On Wednesday, mobile units will be serving in Hammond (2 units), Houma (2 units), Thibodaux (2 units), Kenner (2 units), Livingston Parrish (2 units), Baton Rouge, La Place, Napoleonville (2 units), Gonzales, and two units will be roaming in affected communities.

Seven additional units arrived at the Incident Command Post from the Oklahoma Arkansas Division on Tuesday evening and will further expand the reach and capacity of assistance in the coming days. Salvation Army operations are also in place in other impacted areas of the state including New Orleans and the Gulfport region.

“We anticipate ramping up service to close to 20,000 meals a day. Our team continues to assess the specific needs of communities impacted by Hurricane Ida,” said Migues. “We’re off to a tremendous start and our staff and dedicated volunteers are focused and prepared to deliver meals, water, and a word of encouragement and a prayer to those we encounter.”

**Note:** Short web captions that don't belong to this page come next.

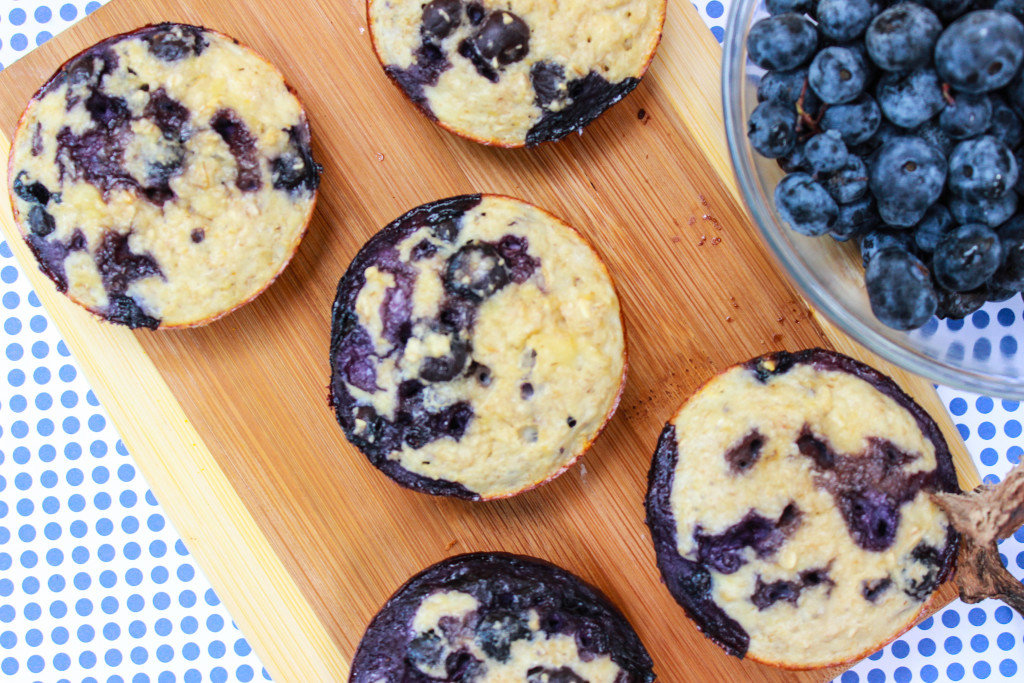 Blueberry Protein muffin recipe with macros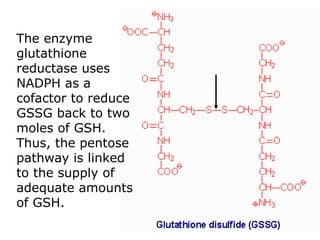 The enzyme
glutathione
reductase uses
NADPH as a
cofactor to reduce
GSSG back to two
moles of GSH.
Thus, the pentose
pathway is linked
to the supply of
adequate amounts
of GSH.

Donated Polaris ATVs and Generators Used to Support Hurricane Ida Response Effort

The Salvation Army is using two ATVs and ten generators donated by the Polaris Corporation in support of Hurricane Ida response efforts in Louisiana. This equipment has already significantly enhanced the response effort and the effectiveness of the Incident Command Post.

Most of the area around the Incident Command Post, located in Gonzales, LA, is without power after Hurricane Ida moved through the area on Sunday, damaging much of the power grid. The Salvation Army Incident Command Team consists of more than 30 staff members and volunteers in addition to 11 mobile kitchens, a shower unit, bunk trailers, a command post, and more. Each of these units requires power to function.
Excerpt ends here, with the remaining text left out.